I made that point because this measure should have gone through very quickly—on the nod, as we say—because it has had our full co-operation and support. If, as I believe, there is currently an attempt to talk out the Bull Bars (Prohibition) Bill, as there was with disabled rights legislation, the House will be particularly annoyed and the victims of bull bars will vent their anger on Conservative Members. I end my speech with that statement.
§ 11.4 am
§ The Minister for Small Business, Industry and Energy (Mr. Richard Page)I join all my hon. Friends in congratulating my right hon. Friend the Member for r Chelsea (Sir N. Scott) on this legislation. It gives me great pleasure to support the Third Reading of his Bill.
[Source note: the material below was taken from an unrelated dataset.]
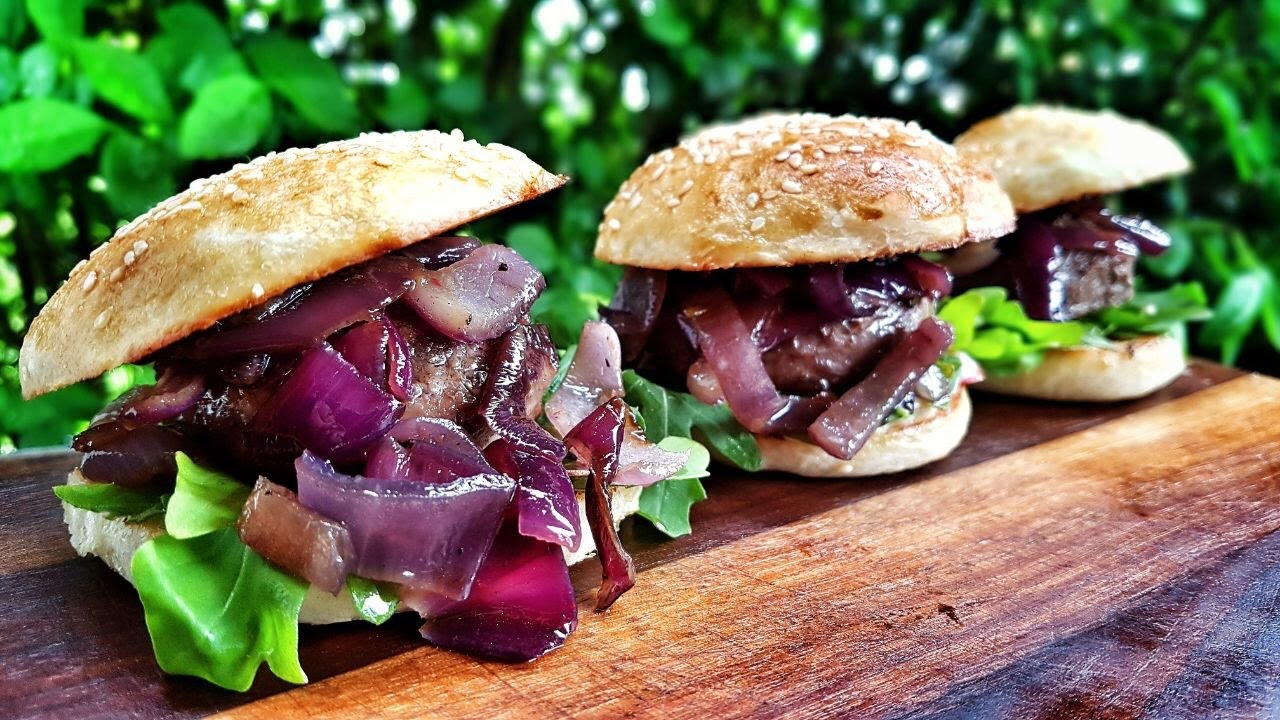Mini-Burger mit Chili-Knoblauch-Mayonnaise & Ahornsirup-Zwiebeln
I was interested to read his comments in the debate on Second Reading, about promoting a Bill for the first time without the comfort of the Dispatch Box. I know exactly what he means.
1309 Before offering to support the measure, the Government considered long and hard the considerable postbag that we had on the subject, including responses that we received to consultations on proposals to change the legislation controlling pyramid selling and similar trading schemes. It might help the House if I were to set out briefly some of the background.
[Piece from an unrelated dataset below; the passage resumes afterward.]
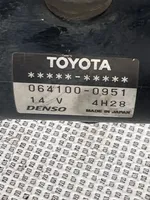 Toyota Prius (XW20) Sähköinen jäähdytysnesteen apupumppu 0641000951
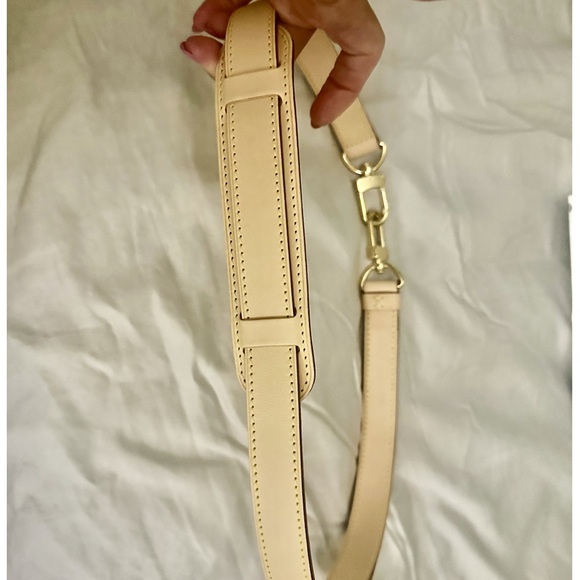 Louis Vuitton Monogram Keepall Size 50 Travel Duffle Bag - Picture 16 of 16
Trading schemes are widely used by companies that do not employ a sales force. Their sales forces are self-employed individuals earning commission on their sales. There are literally hundreds of thousands of individuals who are members of such trading schemes. Some of them supplement their income by selling consumer goods to their friends and neighbours. That point has been made by my hon. Friends. Those people sell all manner of things: cosmetics, jewellery, gold necklaces, flashy cufflinks, books, toys, household goods and—shock, horror—even sex aids. There is probably hardly a home in the country that has not, at one time or another, bought from a member of a trading scheme.
In some trading schemes, members may also earn commission on sales by other members of the scheme whom they have recruited. In that way, it is possible for some people to earn substantial sums through membership of a scheme.
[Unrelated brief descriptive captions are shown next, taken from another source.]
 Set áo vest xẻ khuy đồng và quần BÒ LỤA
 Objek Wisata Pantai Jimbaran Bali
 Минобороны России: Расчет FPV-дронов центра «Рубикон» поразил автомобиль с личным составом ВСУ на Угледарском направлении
Franchise schemes in which franchisees acquire the right to use a trade name or design owned by franchisers are also trading schemes. Those franchises include many household names, selling burgers and all types of takeaway meals, and services such as photocopying, drain cleaning, picture framing and printing. At the other end of the spectrum, of course, many chain letters are also trading schemes.
Trading schemes include many reputable organisations that make a significant contribution to Great Britain Ltd.—how great a contribution, it is impossible to say. On one definition, as my hon. Friend the Member for Bury St. Edmunds (Mr. Spring) said, it is several hundred million pounds. On another definition, it could be said that annual sales probably exceed £1 billion. I can say that with some confidence because, in 1994, retail sales of members of the Direct Selling Association were estimated to be £948 million. As the House has already been informed, the Direct Selling Association is the trade association for companies selling consumer goods in the home through independent self-employed sales people.
Members of trading schemes include the smallest of firms. My hon. Friend the Member for Bury St. Edmunds touched on the role of small businesses. As the Minister for Small Firms, Industry and Energy, I am very tempted to launch into a spiel about the importance of small businesses to the country. That would take up time, which I do not wish to do today, but I should underline the point that he made about the importance of small business to the UK.
We do not want to burden those people with unnecessary regulation. On the other hand, we want to ensure that entrepreneurs are not exploited by the promoters of the schemes in which they participate.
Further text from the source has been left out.